This specification defines an HTTP client interface for XPath based languages. The HTTP client interface is provided through a single extension function which performs HTTP requests, and associated error codes which define client error states.

It has been designed to be compatible via [[!XPATH20]] with [[!XQUERY]], and [[!XSLT20]]. It should also be suitable for any other language which hosts XPath 2.0, such as [[!XPROC]].

Introduction

Namespace conventions

The module defined by this document defines one function in the namespace http://expath.org/ns/http-client. In this document, the http prefix, when used, is bound to this namespace URI.

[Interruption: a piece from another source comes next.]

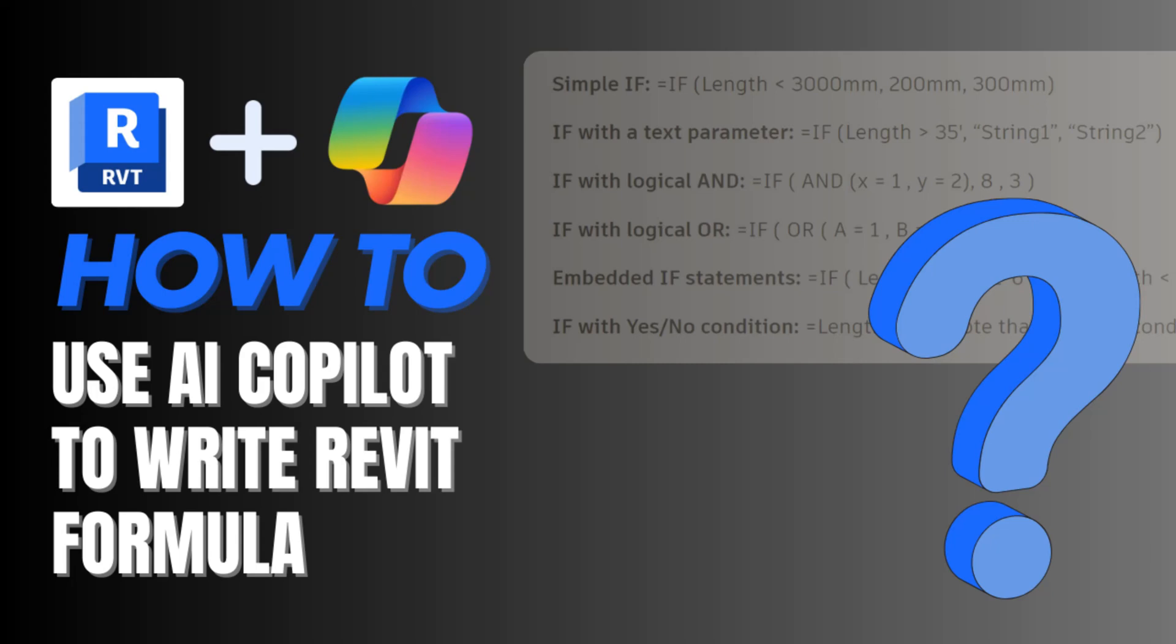Hey, Philosofian Bim here. Today I'm going to show you how to use AI to help write some condition statements in Revit family.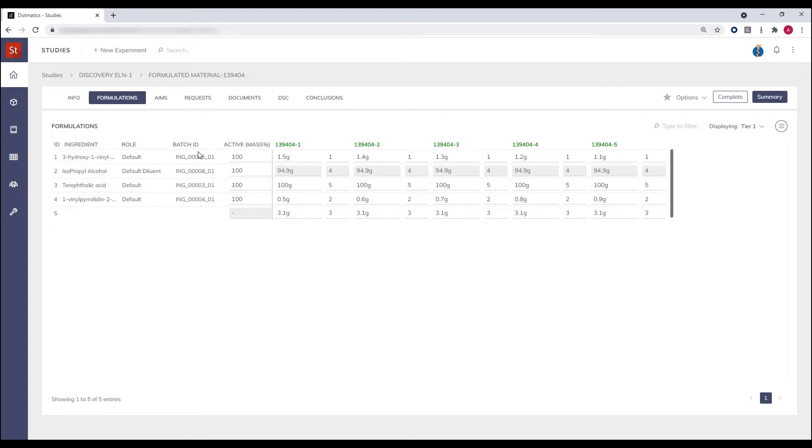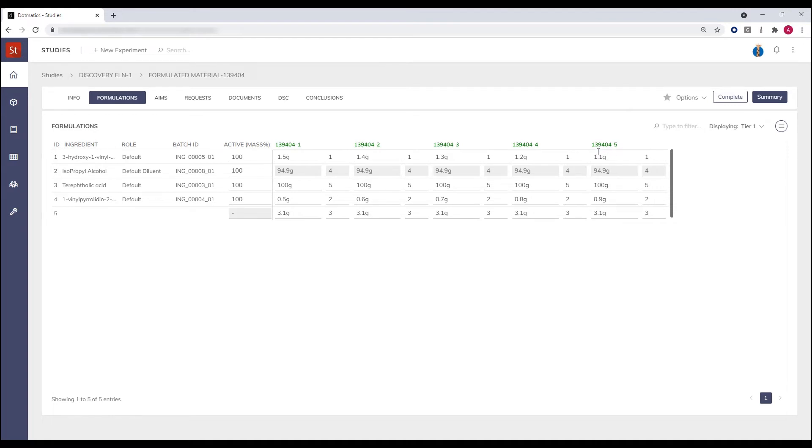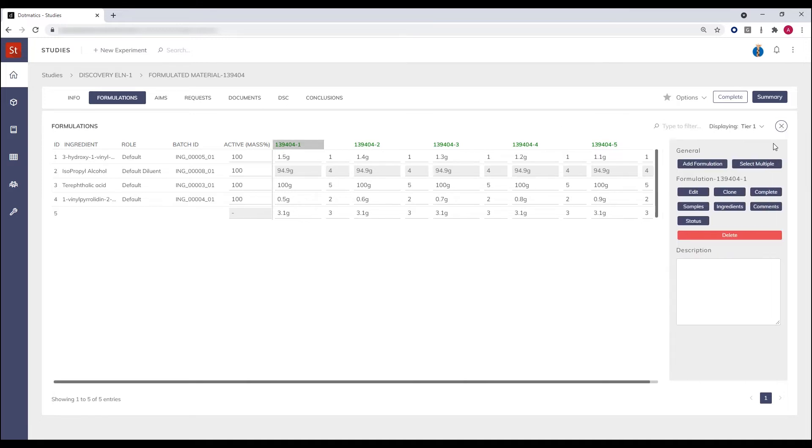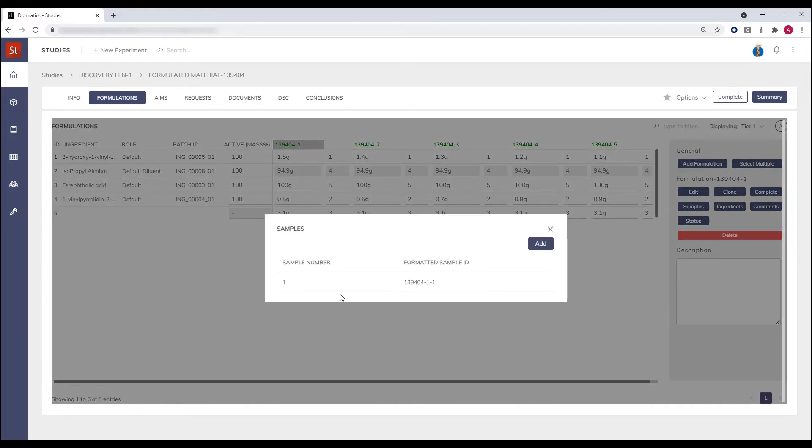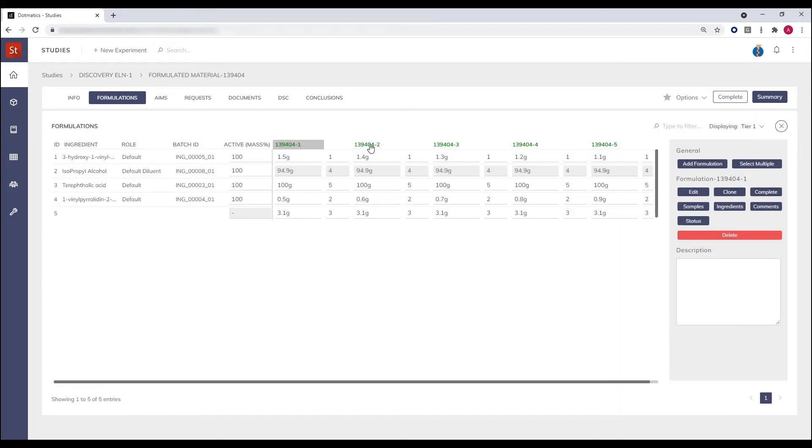In this example, we have five different formulations where the quantity of the vinyl material is being modified. Once the scientist has performed the task, they can also create samples. For example, here selecting sample number one, I can visually see what samples have been created, and I can see that a sample of each of the materials has already been created.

Error codes are defined in the namespace http://expath.org/ns/error. In this document, the err prefix, when used, is bound to this namespace URI.

Error management

Error conditions are identified by a code (a QName). When such an error condition is reached during the execution of the function, a dynamic error is thrown, with the corresponding error code (as if the standard XPath function fn:error had been called).

There are many cases where the HTTP protocol layer may raise an error. In each case, if the error condition is not mentioned explicitly in the spec, the implementation MUST raise an error with the error code err:HC001.

The http:send-request function

This module defines an XPath extension function that sends an HTTP request and returns the corresponding response. It also supports HTTP multi-part messages. Here is the signature of this function:

http:send-request( $request as element(http:request)?,
$href as xs:string?,
$bodies as item()*) as item()+

Besides the arity-three signature above, there are two other signatures that are convenient shortcuts (corresponding to the full version in which corresponding parameters have been set to the empty sequence). They are:

http:send-request($request as element(http:request)?, $href as xs:string?) as item()+
http:send-request($request as element(http:request)?, $href) as item()+

Sending a request

The functions defined in this module allow the transmission of a request to an HTTP server and the reception of the corresponding response. The request is represented by the parameters to the function, which define how to generate the actual HTTP request to transmit.

The Request Element

The http:request element represents all the information needed to send the HTTP request.

Some of the values defined for the http:request element can instead be set through a parameter to the function. For instance, some signatures define the parameter $href. If the value of this parameter is not the empty sequence, it will override the value of the attribute href on the http:request element.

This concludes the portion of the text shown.